__EXERCISE__: Reproduce all of the data below without alteration; exclude every picture.
INFORMATION PROVIDED Start Marker
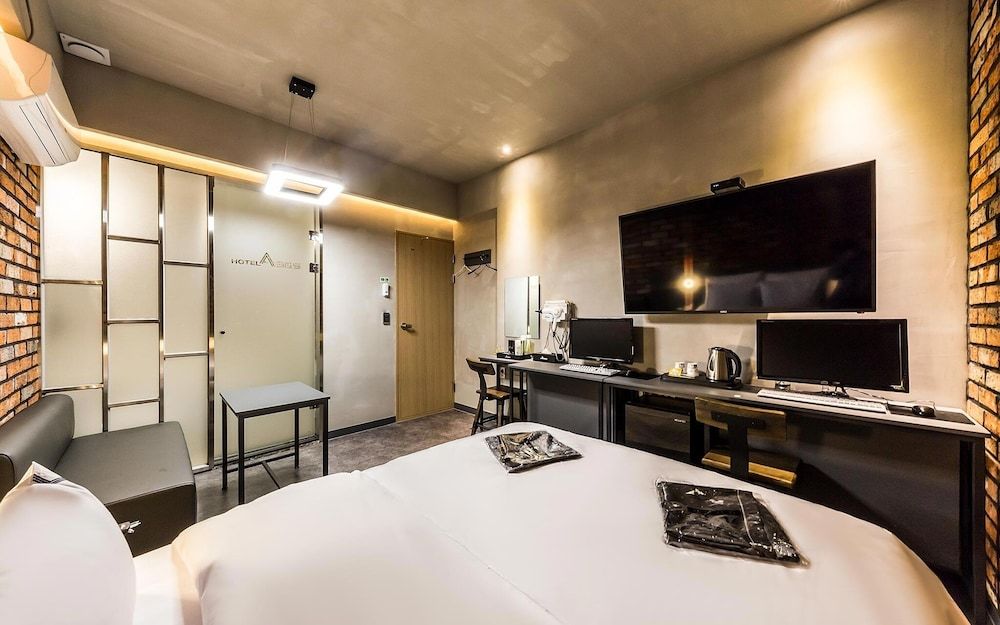 Jangan Hotel A366 Room (Royal Premium (View Netflix)) 17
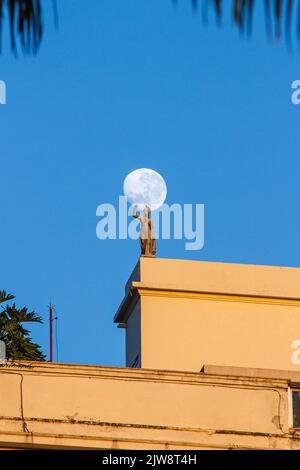 luna tramonto in una bella mattina d'inverno a Rio de Janeiro. Foto Stock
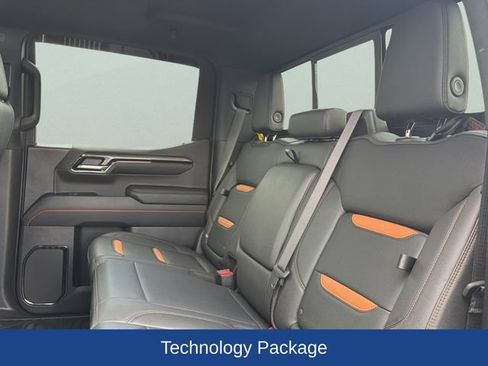 Used 2023 GMC Sierra 1500 AT4 w/ AT4 Premium Package AWD/4WD image 17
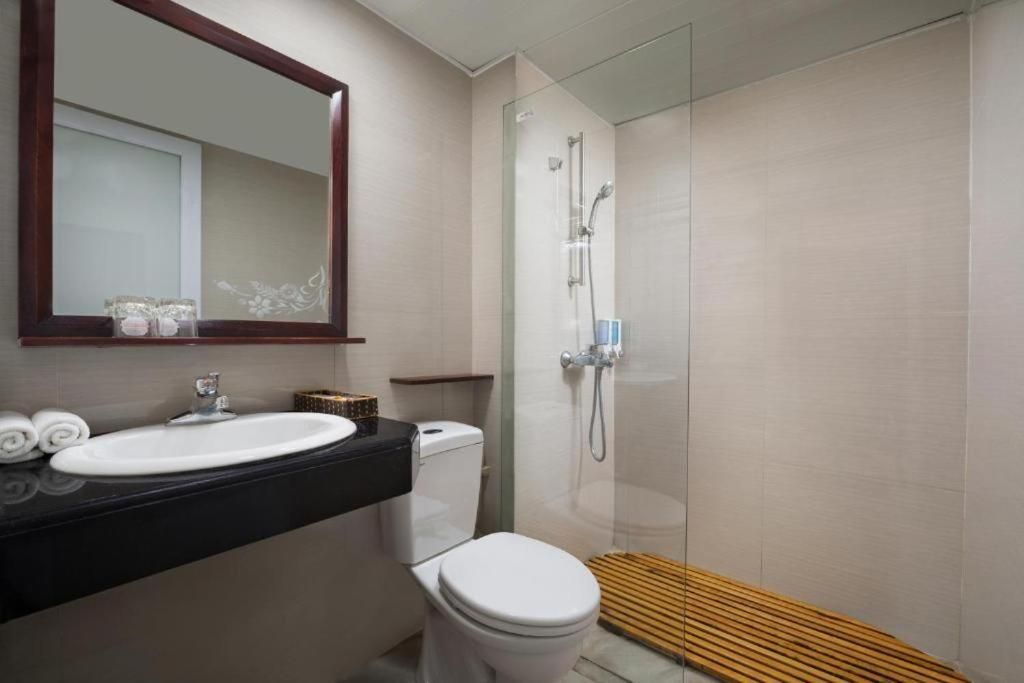 Single Bed in Mixed Dormitory Room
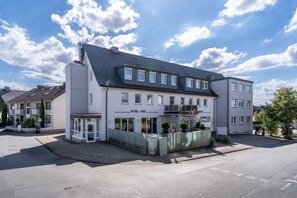 Fachada de la propiedad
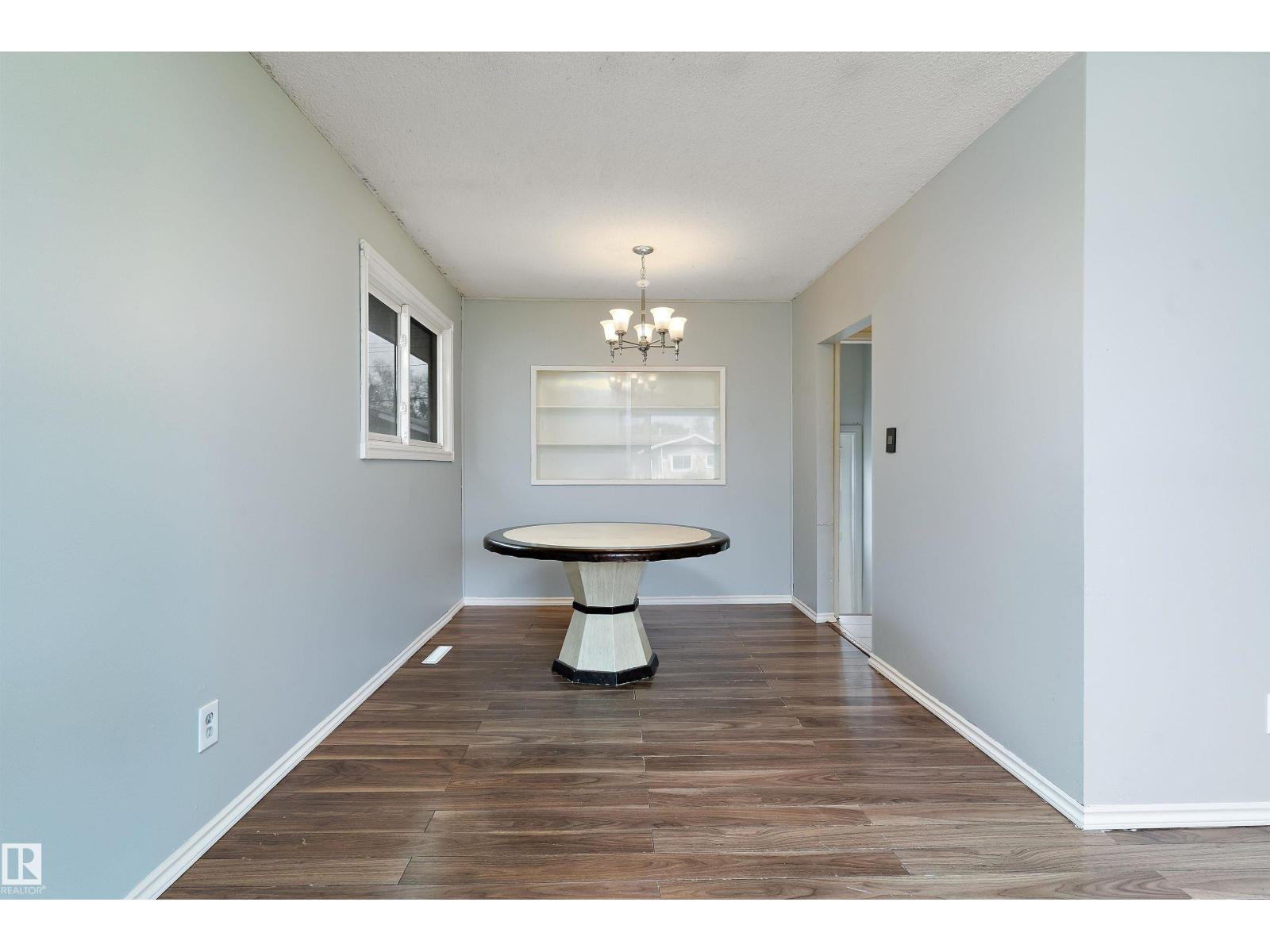 6907 DELWOOD RD NW - 8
INFORMATION PROVIDED End Marker
__TASK RESULT__:
 Jangan Hotel A366 Room (Royal Premium (View Netflix)) 17
 luna tramonto in una bella mattina d'inverno a Rio de Janeiro. Foto Stock
 Used 2023 GMC Sierra 1500 AT4 w/ AT4 Premium Package AWD/4WD image 17
 Single Bed in Mixed Dormitory Room
 Fachada de la propiedad
 6907 DELWOOD RD NW - 8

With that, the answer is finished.